• **Task statement**: Each line from the one with "thumbnail image 4" through the last line of the material is to be printed exactly; no other line and no picture belongs in the copy.

• **Information supplied**:

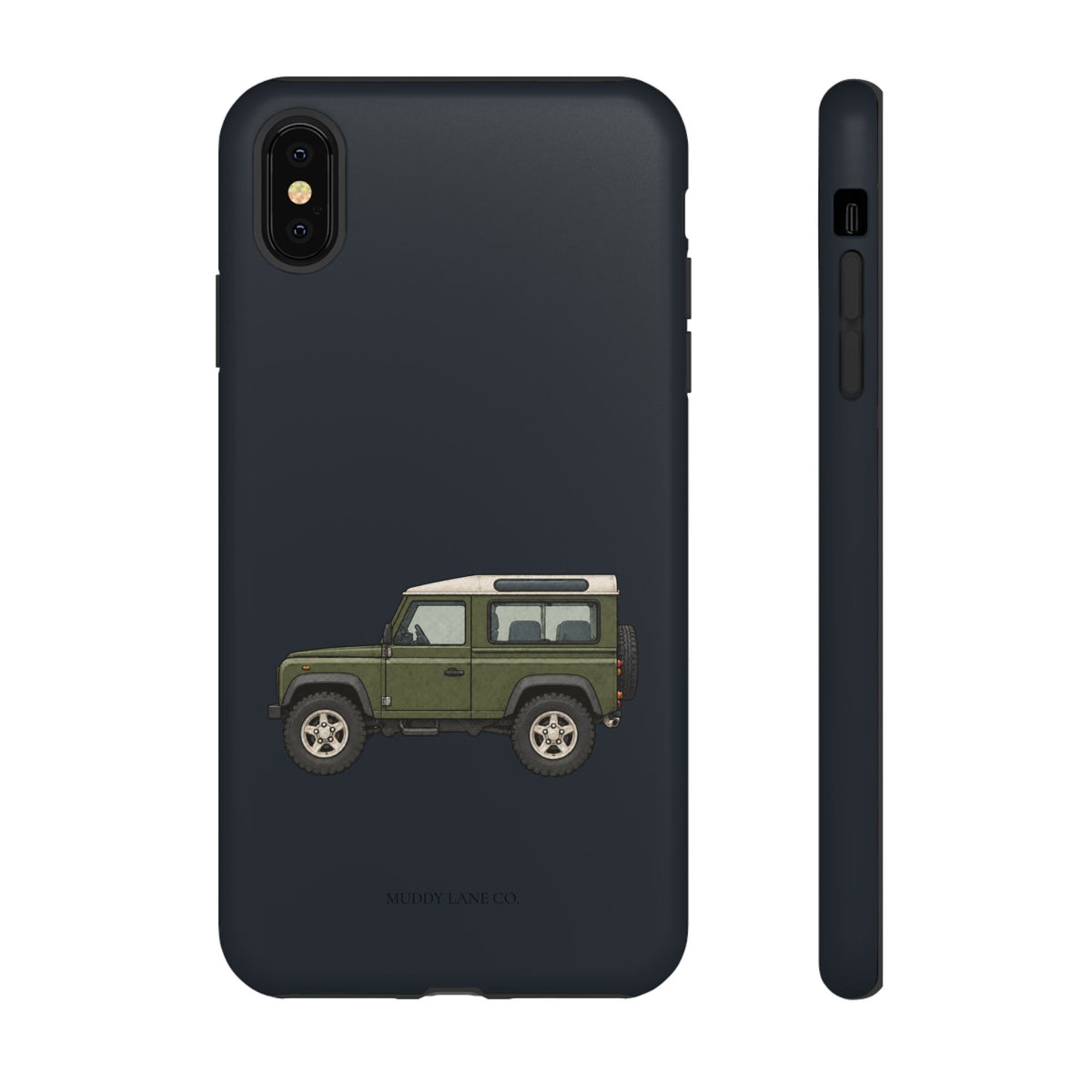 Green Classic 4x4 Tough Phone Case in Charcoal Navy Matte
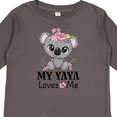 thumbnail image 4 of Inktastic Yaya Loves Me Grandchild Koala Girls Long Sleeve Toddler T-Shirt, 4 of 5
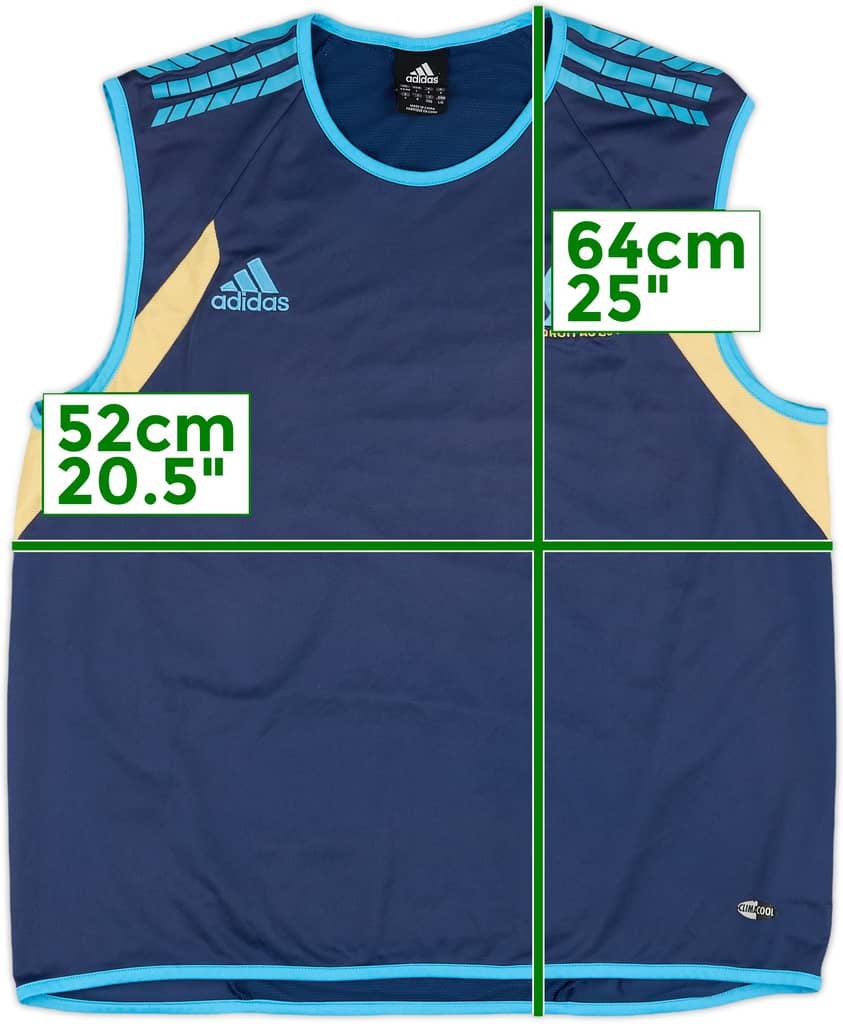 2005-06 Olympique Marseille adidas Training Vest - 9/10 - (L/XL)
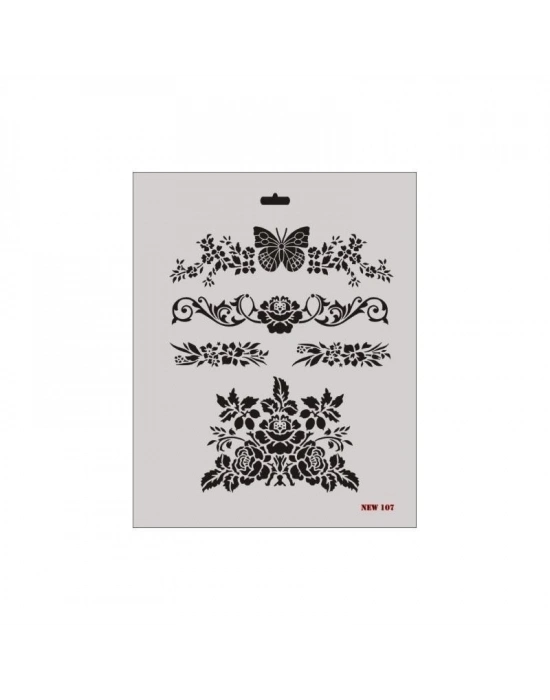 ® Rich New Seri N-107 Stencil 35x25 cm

• **Output of the task**:
 thumbnail image 4 of Inktastic Yaya Loves Me Grandchild Koala Girls Long Sleeve Toddler T-Shirt, 4 of 5
 2005-06 Olympique Marseille adidas Training Vest - 9/10 - (L/XL)
 ® Rich New Seri N-107 Stencil 35x25 cm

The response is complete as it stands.